Long term pain medication is highly regulated and discouraged even by many doctors and lawyers as the mass prescription of opiates and other addictive pain medication can have an adverse effect on a client’s life. Your lawyers and your doctors are looking to help their patients/clients not make them worse and are aware that patients can easily become addicted to that medication and negatively affect their lives and injury cases.
After all options have been exhausted a doctor may decide that a patient is a candidate for surgery. However it should be noted that some patients don’t want to have the pain management injections that go along with short term pain management and don’t want to take the risk of becoming chemically dependent. Thus, sometimes the patients will seek surgical advice without first undergoing this type of treatment. Additionally, it should be noted that many surgeons recognize the limitations of short and long term pain management and if the patient continues to have severe symptoms will agree to do surgery on the patient without first undergoing pain management.
This is a decision between you and your doctor and is serious but yet because of the negative consequences of long term pain management and the limited effectiveness of short term pain management, a large number of surgeons may recommend skipping this step all together. There are a number of minimally invasive procedures which the medical protocols do not require or suggest that pain management may be an option prior to having them. This applies not just to knee and shoulder surgery but also to certain types of neck and back surgery.
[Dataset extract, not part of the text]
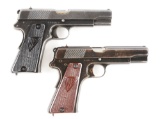 (C) Lot of 2: Nazi Marked F.B. Radom Vis. 35 Pistols.
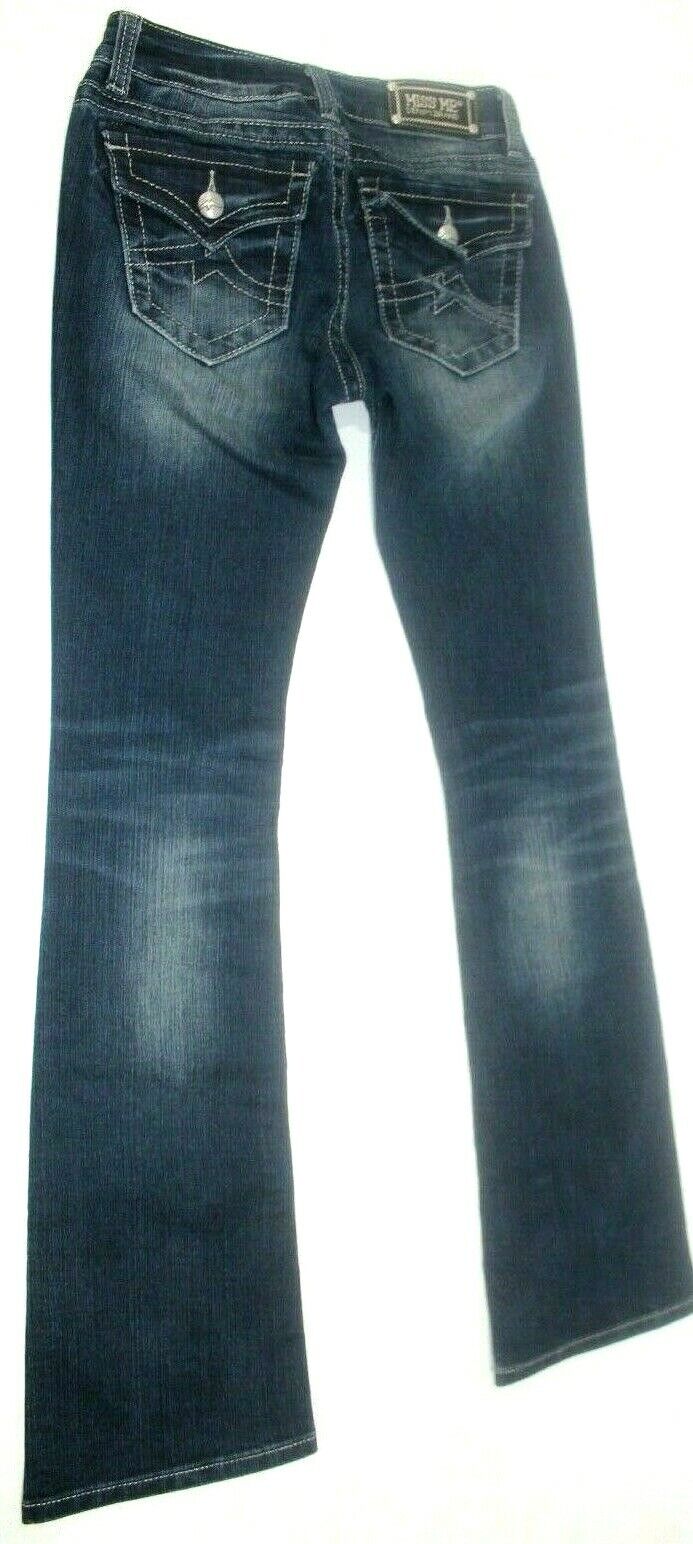 *MINT*  Miss Me Jeans Size 26X34 (Long) Mid-rise Boot Cut Style MD1001B21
What Types of Surgeons Should I see for Pain Management?
One of the primary types of surgeons you may see would be a spinal surgeon. Spinal surgeons are usually orthopedic surgeons with an area of 6435805733_914a35fd22 specialization in spinal surgery. What this means is – the spinal surgeon will undergo a fellowship, which is specialized training with other spinal surgeons for a period of time in which they are highly supervised and trained to do neck and back surgeries. There are relatively few of these types of doctors in any particular area and only about 40 or 50 in the state of Florida.
The other type of doctor that will do spinal surgery is a neurosurgeon. However, while there are more neurosurgeons, many of these doctors gravitate more to types of brain surgery and do not specialize in neck or back surgery. Thus, there are a limited number of neurosurgeons that specialize in neck or back procedures.